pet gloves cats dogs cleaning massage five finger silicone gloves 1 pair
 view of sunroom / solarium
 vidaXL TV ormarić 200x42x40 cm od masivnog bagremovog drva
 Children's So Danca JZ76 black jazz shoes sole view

---

Output the listing above word for word.

> WRITTEN RESPONSE
pet gloves cats dogs cleaning massage five finger silicone gloves 1 pair
 view of sunroom / solarium
 vidaXL TV ormarić 200x42x40 cm od masivnog bagremovog drva
 Children's So Danca JZ76 black jazz shoes sole view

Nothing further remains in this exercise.